For each line in the records that contains "онлайн", make a copy.

★ ★ ★ ★ ★ ★ ★

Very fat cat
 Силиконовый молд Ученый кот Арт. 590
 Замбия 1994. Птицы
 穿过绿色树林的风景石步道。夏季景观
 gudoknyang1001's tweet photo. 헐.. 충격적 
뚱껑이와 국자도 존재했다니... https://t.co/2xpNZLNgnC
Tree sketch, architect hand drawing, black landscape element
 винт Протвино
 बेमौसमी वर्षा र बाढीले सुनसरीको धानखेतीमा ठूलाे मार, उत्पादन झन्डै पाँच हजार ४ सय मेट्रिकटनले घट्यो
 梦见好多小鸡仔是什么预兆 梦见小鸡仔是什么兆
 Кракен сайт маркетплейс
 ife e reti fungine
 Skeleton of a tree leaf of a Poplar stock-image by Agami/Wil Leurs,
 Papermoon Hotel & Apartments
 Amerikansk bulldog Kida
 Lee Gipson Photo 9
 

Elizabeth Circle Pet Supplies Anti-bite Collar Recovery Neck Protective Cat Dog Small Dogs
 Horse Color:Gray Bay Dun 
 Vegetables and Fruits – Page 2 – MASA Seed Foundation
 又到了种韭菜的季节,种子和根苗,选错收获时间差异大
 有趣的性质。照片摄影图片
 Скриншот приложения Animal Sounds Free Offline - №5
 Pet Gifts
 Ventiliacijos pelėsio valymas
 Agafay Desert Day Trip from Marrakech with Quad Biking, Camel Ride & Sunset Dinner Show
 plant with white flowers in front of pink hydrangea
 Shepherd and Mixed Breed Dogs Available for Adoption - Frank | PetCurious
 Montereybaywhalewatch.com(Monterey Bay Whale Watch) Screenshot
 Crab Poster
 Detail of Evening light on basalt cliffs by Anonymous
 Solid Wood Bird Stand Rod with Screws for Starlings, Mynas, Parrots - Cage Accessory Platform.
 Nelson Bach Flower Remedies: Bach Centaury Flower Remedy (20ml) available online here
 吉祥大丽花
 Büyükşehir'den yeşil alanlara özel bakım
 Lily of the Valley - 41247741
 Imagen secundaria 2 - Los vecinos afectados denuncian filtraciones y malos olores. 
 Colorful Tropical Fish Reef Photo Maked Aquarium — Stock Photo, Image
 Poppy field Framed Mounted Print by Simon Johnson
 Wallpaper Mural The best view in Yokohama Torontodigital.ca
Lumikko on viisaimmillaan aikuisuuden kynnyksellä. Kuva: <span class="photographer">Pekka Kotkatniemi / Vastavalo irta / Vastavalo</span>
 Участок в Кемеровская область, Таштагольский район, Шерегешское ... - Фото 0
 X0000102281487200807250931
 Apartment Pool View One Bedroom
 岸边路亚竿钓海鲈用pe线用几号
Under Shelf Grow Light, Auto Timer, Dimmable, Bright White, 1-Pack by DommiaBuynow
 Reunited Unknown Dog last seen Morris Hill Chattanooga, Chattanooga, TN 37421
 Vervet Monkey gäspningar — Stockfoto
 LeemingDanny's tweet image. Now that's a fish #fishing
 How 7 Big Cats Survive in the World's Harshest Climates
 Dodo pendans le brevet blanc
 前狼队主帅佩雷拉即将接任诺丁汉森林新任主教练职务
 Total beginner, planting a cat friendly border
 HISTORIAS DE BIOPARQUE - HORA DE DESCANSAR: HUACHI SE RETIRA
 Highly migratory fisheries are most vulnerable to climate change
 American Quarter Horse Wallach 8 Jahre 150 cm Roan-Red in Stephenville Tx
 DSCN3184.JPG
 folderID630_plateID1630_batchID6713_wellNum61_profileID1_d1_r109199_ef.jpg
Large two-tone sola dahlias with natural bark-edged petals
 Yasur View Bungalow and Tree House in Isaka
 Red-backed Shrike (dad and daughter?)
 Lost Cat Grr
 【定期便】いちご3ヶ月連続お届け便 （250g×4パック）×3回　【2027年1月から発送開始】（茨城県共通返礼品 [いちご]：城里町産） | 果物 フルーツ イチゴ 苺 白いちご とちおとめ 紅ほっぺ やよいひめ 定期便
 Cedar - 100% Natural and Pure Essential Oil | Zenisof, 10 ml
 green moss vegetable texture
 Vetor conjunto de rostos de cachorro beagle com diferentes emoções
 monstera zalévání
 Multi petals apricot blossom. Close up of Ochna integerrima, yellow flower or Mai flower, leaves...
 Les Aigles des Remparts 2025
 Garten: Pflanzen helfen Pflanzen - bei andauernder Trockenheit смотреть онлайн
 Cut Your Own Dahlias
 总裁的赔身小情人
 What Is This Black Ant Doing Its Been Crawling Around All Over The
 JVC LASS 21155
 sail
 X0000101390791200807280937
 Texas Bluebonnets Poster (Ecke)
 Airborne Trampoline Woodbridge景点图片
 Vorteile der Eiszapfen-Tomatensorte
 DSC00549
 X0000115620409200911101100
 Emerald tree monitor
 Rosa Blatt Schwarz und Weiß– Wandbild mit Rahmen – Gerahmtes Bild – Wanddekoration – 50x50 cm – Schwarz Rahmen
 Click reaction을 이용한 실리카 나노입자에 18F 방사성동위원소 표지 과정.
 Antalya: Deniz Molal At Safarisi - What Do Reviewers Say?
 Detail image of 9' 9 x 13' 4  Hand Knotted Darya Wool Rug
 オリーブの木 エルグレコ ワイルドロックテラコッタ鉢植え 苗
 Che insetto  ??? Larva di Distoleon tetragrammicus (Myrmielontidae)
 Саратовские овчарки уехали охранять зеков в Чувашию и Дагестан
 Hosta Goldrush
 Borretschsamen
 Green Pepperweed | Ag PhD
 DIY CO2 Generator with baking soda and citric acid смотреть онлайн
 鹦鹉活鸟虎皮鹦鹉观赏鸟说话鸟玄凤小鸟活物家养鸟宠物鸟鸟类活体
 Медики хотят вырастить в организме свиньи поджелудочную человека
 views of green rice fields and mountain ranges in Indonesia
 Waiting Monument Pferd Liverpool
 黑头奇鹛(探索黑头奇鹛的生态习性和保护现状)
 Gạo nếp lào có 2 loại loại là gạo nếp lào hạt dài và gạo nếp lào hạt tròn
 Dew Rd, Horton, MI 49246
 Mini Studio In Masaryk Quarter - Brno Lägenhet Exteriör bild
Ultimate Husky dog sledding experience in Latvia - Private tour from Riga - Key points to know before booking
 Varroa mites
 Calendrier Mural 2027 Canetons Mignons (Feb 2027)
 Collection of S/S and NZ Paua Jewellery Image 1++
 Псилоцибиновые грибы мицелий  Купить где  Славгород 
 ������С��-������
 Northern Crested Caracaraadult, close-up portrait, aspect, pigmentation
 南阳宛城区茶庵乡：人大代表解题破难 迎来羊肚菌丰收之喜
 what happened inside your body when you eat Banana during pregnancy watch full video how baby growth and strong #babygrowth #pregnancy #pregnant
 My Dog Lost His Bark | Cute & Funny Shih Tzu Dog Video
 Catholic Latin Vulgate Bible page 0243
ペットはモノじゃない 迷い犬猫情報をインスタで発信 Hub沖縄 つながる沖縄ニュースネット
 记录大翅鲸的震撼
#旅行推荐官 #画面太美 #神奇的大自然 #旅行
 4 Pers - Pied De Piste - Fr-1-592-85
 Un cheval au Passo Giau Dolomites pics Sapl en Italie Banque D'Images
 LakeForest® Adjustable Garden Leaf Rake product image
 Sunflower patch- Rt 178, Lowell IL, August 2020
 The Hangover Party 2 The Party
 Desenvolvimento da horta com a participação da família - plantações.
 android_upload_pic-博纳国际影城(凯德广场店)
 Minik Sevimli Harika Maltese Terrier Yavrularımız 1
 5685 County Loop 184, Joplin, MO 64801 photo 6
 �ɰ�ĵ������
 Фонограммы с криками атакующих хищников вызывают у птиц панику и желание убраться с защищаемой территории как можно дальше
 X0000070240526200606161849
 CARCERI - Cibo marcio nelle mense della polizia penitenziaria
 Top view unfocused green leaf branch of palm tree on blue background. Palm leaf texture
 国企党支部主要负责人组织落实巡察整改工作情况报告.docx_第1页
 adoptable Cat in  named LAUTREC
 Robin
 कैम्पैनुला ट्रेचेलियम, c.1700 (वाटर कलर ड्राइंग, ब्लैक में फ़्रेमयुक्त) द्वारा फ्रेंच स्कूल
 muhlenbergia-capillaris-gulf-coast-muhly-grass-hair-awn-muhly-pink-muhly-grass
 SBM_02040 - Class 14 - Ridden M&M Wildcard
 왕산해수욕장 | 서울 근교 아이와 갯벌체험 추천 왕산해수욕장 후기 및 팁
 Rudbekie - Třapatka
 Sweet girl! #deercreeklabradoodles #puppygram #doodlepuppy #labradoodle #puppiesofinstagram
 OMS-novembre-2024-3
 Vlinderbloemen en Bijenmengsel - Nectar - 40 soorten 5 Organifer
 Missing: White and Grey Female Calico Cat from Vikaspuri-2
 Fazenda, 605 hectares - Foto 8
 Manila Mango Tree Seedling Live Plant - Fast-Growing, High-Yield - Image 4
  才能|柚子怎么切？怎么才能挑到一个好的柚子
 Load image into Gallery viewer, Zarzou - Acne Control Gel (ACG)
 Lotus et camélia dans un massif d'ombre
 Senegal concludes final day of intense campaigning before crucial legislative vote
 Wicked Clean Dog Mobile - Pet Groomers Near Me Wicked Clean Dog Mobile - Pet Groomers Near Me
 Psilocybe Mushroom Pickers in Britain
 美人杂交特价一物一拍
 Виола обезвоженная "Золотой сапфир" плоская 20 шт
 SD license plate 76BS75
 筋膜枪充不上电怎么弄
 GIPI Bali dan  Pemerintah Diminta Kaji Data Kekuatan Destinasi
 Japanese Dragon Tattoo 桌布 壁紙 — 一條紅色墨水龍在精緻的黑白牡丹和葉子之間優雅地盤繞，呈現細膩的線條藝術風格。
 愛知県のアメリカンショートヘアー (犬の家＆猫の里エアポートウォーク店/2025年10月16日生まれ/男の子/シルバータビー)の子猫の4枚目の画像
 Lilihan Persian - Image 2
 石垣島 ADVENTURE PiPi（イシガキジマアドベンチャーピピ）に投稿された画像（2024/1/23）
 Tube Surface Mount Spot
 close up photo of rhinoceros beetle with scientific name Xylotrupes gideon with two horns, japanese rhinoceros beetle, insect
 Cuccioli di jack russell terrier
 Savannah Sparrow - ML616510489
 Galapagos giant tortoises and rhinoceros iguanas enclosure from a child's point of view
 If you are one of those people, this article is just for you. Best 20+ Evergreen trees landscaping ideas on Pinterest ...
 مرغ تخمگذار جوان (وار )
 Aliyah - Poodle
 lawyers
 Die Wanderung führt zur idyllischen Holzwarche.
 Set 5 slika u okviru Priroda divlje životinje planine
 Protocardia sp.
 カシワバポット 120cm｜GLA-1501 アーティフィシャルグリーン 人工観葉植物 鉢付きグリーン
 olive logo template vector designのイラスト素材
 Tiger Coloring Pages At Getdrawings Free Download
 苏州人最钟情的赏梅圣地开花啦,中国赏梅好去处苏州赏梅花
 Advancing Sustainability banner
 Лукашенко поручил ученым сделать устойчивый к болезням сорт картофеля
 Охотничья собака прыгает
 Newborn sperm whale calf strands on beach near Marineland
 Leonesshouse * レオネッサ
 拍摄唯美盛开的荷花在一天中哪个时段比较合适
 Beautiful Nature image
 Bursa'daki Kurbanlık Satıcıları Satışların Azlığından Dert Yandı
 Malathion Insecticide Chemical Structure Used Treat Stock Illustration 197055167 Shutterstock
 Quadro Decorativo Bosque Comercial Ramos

★ ★ ★ ★ ★ ★ ★

## Answer box
 Garten: Pflanzen helfen Pflanzen - bei andauernder Trockenheit смотреть онлайн
 DIY CO2 Generator with baking soda and citric acid смотреть онлайн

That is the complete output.